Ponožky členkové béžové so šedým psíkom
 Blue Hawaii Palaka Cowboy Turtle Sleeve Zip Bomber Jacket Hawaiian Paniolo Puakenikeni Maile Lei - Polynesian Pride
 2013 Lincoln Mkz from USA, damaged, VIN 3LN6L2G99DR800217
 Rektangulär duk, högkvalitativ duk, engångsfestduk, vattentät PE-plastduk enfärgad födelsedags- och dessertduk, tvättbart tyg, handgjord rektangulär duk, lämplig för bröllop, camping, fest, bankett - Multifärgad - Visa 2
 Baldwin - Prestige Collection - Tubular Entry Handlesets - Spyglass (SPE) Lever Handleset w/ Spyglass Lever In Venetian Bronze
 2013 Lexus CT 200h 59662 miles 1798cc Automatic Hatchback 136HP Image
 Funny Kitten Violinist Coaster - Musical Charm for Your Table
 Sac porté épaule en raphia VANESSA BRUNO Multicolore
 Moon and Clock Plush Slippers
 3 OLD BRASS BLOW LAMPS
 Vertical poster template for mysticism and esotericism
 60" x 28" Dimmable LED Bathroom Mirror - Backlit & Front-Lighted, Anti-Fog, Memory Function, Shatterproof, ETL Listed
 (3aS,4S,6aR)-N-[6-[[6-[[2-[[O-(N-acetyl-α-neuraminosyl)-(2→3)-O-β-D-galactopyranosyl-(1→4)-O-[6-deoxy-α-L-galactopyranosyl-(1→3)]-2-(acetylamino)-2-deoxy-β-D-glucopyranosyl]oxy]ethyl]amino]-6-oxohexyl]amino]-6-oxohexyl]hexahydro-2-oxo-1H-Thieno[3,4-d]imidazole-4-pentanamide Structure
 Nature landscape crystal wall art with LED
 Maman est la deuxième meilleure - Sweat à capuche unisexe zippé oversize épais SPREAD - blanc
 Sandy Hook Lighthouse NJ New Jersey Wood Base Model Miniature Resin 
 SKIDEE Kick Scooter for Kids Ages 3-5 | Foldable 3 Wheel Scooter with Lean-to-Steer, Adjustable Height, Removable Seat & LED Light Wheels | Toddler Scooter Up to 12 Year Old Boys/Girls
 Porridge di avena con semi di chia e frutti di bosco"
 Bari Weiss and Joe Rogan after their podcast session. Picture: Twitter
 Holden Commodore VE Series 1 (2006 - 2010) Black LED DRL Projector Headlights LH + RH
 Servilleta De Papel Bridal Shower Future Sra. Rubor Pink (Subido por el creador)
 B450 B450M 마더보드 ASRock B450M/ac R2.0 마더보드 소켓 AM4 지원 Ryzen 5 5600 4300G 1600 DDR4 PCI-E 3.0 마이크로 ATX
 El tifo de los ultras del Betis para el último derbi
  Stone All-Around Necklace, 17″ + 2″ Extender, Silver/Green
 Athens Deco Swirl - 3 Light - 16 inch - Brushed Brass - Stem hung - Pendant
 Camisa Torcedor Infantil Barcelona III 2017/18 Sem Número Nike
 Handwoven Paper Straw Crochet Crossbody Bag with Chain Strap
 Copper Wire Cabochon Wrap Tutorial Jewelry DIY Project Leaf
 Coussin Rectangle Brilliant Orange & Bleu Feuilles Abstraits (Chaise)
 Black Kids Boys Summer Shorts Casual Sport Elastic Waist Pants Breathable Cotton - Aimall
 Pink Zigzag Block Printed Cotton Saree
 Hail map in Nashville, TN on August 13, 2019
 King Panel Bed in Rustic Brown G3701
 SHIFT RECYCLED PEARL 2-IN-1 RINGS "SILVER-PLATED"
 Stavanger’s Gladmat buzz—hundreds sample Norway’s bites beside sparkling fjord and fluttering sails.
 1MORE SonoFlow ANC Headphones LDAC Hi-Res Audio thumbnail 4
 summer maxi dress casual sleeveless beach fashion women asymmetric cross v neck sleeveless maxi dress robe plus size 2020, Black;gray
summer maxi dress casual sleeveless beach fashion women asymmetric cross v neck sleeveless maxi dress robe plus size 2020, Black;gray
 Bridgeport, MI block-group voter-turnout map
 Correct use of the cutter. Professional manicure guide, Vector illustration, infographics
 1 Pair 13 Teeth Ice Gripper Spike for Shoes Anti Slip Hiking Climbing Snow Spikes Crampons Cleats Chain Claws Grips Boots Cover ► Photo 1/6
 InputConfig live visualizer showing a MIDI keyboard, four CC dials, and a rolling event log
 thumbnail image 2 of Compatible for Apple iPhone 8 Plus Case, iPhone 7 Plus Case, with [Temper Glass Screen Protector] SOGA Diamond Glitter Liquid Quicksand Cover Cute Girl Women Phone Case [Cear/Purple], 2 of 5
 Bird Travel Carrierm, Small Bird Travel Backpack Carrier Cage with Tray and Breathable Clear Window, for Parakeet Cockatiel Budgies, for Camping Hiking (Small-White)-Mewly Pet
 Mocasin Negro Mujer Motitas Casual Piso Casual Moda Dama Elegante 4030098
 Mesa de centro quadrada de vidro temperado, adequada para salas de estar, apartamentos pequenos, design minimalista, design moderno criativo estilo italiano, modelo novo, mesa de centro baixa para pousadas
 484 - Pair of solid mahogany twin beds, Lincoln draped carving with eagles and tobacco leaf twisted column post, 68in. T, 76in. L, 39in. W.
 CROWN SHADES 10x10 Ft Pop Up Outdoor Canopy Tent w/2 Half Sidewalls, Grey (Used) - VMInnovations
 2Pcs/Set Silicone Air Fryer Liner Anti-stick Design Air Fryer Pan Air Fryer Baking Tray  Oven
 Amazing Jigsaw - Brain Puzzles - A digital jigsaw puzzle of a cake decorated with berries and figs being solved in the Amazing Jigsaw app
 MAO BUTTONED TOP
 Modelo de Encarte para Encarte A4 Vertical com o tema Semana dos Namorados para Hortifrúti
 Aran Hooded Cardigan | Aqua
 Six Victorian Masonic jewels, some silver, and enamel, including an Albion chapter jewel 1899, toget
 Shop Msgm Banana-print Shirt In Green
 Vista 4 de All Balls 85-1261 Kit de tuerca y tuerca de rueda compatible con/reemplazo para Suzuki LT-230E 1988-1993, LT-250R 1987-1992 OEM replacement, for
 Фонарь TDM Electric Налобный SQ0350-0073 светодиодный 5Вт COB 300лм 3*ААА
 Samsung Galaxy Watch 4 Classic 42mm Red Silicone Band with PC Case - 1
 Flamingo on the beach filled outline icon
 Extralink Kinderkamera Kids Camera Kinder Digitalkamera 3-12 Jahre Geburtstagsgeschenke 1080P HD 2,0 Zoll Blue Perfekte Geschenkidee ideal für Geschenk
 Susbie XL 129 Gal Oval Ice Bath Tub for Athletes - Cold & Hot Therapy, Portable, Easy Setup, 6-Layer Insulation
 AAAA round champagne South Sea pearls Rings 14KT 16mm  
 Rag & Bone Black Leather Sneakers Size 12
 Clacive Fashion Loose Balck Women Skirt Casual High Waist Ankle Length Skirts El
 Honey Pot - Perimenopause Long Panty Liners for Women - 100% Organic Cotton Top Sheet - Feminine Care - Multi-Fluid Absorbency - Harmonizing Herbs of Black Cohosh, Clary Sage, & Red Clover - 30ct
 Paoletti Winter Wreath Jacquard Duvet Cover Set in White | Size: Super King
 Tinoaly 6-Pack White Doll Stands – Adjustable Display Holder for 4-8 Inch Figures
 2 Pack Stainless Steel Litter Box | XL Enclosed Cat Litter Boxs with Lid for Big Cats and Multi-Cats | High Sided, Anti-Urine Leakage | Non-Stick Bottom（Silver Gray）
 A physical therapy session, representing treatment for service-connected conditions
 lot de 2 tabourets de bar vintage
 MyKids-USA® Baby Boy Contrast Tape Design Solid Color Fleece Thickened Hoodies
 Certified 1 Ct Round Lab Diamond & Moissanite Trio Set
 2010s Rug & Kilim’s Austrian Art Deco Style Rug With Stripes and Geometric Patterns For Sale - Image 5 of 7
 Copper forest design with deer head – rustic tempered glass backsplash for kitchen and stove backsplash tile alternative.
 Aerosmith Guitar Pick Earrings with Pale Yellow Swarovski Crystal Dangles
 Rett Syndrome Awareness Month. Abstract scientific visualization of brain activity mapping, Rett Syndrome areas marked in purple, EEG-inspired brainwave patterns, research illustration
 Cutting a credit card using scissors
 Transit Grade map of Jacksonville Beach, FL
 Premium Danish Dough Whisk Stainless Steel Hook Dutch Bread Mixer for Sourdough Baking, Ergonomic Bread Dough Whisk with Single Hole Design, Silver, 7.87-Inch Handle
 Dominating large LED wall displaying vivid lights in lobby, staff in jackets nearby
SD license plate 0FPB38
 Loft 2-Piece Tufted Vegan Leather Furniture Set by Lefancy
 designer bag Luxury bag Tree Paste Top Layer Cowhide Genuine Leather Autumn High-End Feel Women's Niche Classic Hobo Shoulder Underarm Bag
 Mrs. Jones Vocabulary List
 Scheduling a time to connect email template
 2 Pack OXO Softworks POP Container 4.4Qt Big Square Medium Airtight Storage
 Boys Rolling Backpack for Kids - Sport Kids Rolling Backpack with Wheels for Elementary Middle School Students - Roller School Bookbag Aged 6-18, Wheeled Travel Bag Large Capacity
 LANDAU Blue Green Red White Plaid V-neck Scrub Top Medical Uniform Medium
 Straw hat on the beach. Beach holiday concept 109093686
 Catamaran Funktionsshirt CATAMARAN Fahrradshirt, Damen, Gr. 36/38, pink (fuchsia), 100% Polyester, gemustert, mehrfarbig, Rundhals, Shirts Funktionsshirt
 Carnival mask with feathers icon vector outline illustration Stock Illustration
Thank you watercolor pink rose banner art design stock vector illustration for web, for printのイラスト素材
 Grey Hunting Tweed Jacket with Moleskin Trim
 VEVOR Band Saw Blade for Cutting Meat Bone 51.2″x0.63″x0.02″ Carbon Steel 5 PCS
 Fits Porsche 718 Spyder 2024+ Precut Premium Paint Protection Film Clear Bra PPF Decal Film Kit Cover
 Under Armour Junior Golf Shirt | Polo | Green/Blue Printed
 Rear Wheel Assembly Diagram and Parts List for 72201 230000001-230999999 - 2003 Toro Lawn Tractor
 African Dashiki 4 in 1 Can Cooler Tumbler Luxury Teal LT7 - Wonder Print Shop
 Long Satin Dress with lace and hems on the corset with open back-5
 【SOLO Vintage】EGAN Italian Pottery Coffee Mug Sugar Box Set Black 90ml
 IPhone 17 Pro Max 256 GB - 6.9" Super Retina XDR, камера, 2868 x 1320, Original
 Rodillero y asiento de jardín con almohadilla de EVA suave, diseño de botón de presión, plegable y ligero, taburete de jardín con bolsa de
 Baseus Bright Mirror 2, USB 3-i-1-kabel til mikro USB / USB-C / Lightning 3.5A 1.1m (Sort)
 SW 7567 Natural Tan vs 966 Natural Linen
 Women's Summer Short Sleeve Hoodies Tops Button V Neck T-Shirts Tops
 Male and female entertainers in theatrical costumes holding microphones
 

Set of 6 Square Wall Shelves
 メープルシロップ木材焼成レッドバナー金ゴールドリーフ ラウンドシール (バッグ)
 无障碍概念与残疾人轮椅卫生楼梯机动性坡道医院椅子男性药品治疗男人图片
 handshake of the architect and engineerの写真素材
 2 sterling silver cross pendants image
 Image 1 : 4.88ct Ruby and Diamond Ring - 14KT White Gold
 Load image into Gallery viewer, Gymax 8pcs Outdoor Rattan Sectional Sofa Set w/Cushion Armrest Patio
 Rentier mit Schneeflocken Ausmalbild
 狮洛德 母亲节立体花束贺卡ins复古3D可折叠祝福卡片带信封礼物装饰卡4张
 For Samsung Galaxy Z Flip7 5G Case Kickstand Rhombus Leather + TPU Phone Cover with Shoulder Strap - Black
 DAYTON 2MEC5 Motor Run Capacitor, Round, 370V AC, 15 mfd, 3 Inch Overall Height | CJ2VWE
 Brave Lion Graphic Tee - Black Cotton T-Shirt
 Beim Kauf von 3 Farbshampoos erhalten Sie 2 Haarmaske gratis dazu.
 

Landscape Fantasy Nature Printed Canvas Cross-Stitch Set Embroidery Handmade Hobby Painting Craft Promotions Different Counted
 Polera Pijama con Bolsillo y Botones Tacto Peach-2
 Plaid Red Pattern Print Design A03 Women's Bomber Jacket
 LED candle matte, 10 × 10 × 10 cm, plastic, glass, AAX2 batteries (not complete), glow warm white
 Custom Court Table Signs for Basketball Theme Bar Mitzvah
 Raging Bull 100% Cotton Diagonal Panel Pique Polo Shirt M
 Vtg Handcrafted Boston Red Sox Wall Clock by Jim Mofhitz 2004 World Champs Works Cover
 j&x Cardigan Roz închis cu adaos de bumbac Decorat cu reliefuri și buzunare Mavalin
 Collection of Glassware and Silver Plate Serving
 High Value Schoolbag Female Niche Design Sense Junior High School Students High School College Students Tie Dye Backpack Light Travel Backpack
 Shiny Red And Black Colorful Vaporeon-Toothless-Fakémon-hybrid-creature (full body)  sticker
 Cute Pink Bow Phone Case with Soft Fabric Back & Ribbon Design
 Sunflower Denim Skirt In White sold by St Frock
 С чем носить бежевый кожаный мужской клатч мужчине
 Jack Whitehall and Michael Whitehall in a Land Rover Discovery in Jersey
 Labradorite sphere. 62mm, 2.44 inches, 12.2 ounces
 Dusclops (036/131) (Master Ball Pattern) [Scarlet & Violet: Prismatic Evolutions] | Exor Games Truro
+++++
◆ AIM OF THE EXERCISE
Whatever else the listing above holds, retype exactly only the lines from the one containing "Rear Wheel Assembly" to the one containing "Beim Kauf von", both ends kept.

◆ WRITTEN ANSWER
 Rear Wheel Assembly Diagram and Parts List for 72201 230000001-230999999 - 2003 Toro Lawn Tractor
 African Dashiki 4 in 1 Can Cooler Tumbler Luxury Teal LT7 - Wonder Print Shop
 Long Satin Dress with lace and hems on the corset with open back-5
 【SOLO Vintage】EGAN Italian Pottery Coffee Mug Sugar Box Set Black 90ml
 IPhone 17 Pro Max 256 GB - 6.9" Super Retina XDR, камера, 2868 x 1320, Original
 Rodillero y asiento de jardín con almohadilla de EVA suave, diseño de botón de presión, plegable y ligero, taburete de jardín con bolsa de
 Baseus Bright Mirror 2, USB 3-i-1-kabel til mikro USB / USB-C / Lightning 3.5A 1.1m (Sort)
 SW 7567 Natural Tan vs 966 Natural Linen
 Women's Summer Short Sleeve Hoodies Tops Button V Neck T-Shirts Tops
 Male and female entertainers in theatrical costumes holding microphones
 

Set of 6 Square Wall Shelves
 メープルシロップ木材焼成レッドバナー金ゴールドリーフ ラウンドシール (バッグ)
 无障碍概念与残疾人轮椅卫生楼梯机动性坡道医院椅子男性药品治疗男人图片
 handshake of the architect and engineerの写真素材
 2 sterling silver cross pendants image
 Image 1 : 4.88ct Ruby and Diamond Ring - 14KT White Gold
 Load image into Gallery viewer, Gymax 8pcs Outdoor Rattan Sectional Sofa Set w/Cushion Armrest Patio
 Rentier mit Schneeflocken Ausmalbild
 狮洛德 母亲节立体花束贺卡ins复古3D可折叠祝福卡片带信封礼物装饰卡4张
 For Samsung Galaxy Z Flip7 5G Case Kickstand Rhombus Leather + TPU Phone Cover with Shoulder Strap - Black
 DAYTON 2MEC5 Motor Run Capacitor, Round, 370V AC, 15 mfd, 3 Inch Overall Height | CJ2VWE
 Brave Lion Graphic Tee - Black Cotton T-Shirt
 Beim Kauf von 3 Farbshampoos erhalten Sie 2 Haarmaske gratis dazu.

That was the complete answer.